California students showed moderate gains in English and math on standardized test scores released by the state Department of Education on Monday, continuing a long-term trend. But the results also reveal that the state has a long way to go to bring students up to grade level.

Overall, 54% of California students scored at the “proficient” level or higher in English-language arts, compared with 52% last year; and 50% scored proficient or better in math, compared with 48% last year. The scores are the highest since the standards-based testing began in 2003.

There was a small decline in math and English for students scoring at the two lowest levels: “below basic” and “far below basic.” About 27% of students remain at those levels in math; 19% in English.


The results for the Los Angeles Unified School District, the state’s largest school system, also mirrored past years: Growth was better than for the state overall, but scores still fell below the state average.

Students who were considered at grade level — or proficient — in English-language arts increased from 41% to 44%. In math, from 39% to 43%.

District officials hailed the rising scores as especially notable given steep budget cuts.
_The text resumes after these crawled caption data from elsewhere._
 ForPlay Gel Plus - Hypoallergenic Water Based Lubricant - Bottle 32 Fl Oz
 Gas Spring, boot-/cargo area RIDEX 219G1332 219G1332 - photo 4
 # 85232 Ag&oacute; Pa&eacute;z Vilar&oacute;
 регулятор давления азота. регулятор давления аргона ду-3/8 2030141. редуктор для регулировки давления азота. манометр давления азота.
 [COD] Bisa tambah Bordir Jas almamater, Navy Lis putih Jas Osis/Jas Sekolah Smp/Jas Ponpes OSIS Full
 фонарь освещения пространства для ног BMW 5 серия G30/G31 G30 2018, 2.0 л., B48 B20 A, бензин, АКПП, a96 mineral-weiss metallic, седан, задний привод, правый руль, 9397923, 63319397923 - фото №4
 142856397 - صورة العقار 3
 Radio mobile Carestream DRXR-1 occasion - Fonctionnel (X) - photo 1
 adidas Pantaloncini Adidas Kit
“We are at our highest point in student achievement,” said L.A. schools Supt. John Deasy, who praised the “amazing hard work” of teachers and administrators.

The test scores are being used to give schools and individual teachers a rating on their effectiveness. Ultimately, Deasy would like to include them in teacher evaluations.
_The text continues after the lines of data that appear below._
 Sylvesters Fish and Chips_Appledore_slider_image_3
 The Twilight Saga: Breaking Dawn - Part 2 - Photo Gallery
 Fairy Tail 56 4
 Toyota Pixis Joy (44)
State and local education officials released the scores at Reseda High School in the San Fernando Valley, a campus that demonstrates both progress and the long climb ahead.


“Heroic work has been going on as we see here today,” said state Supt. of Public Instruction Tom Torlakson.
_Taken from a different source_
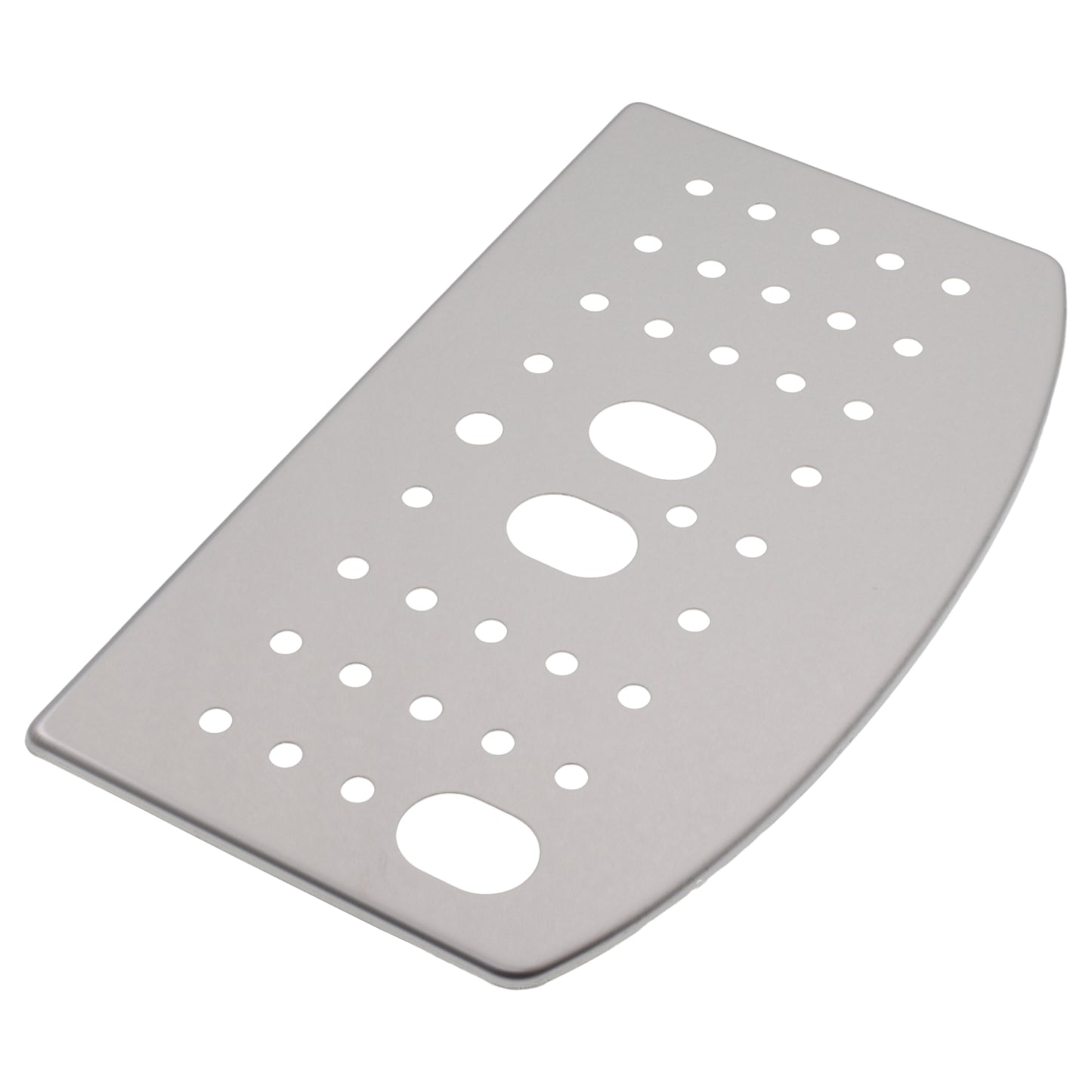 Delonghi griglia ripiano poggia tazze macchina caffè Magnifica S Start Smart ECAM220 ECAM230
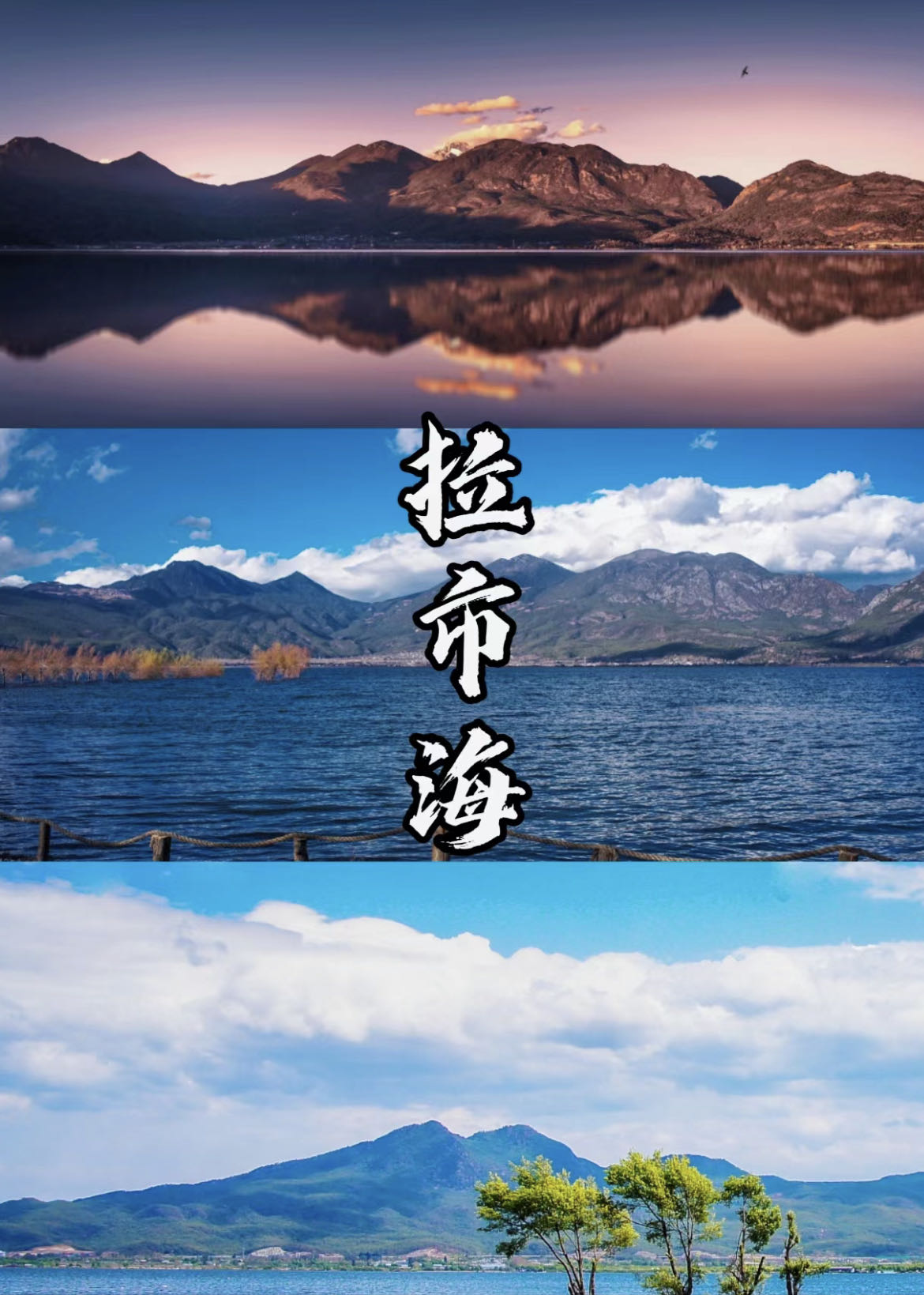 (图20)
Over the last four years, the total of Reseda students who score at grade level or better in English rose from 39% to 47%; the percentage actually dipped slightly this year. In math over that period, the figure rose from 18% to 22%.

About two-thirds of the school’s students are low income and 18% are learning English.

Reseda also illustrates an ongoing problem throughout the state. Test score gains are highest in elementary schools and drop off precipitously in middle and high school.

The reason for this is much debated. In part, Deasy said, elementary campuses have more of a schoolwide approach to preventing individual students from falling behind.

Middle and high schools, typically divided into academic departments, can become “isolated from the students,” Deasy said. “When a student is struggling in freshman algebra, is there a universal team of adults who know the student well and monitor the student?”

Another possibility: The school system also has focused more on teacher training at the elementary schools.


Across L.A. Unified, fewer than 20% of high school students scored proficient or better in general mathematics, algebra 1 and 2 and geometry. In fourth grade, by contrast, 67% of students tested as proficient or better in math.

Another persistent issue is the sharp achievement gap separating Asian and white students from Latino and black students, although the latter groups saw gains.

Statewide, 76% of Asian students and 71% of white students were proficient or better in English, for example, compared with 42% of Latinos and 41% of African Americans.

In math, the numbers are 76% for Asians, 61% for whites, 41% for Latinos and 34% for African Americans.

The state oversees testing for students in grades two to 11.

The honor roll of consistently improving schools in L.A. Unified includes: Plummer, Barton Hill and 116th Street elementary schools; King, Audubon and Edison middle schools; and Garfield, Polytechnic and Canoga Park high schools.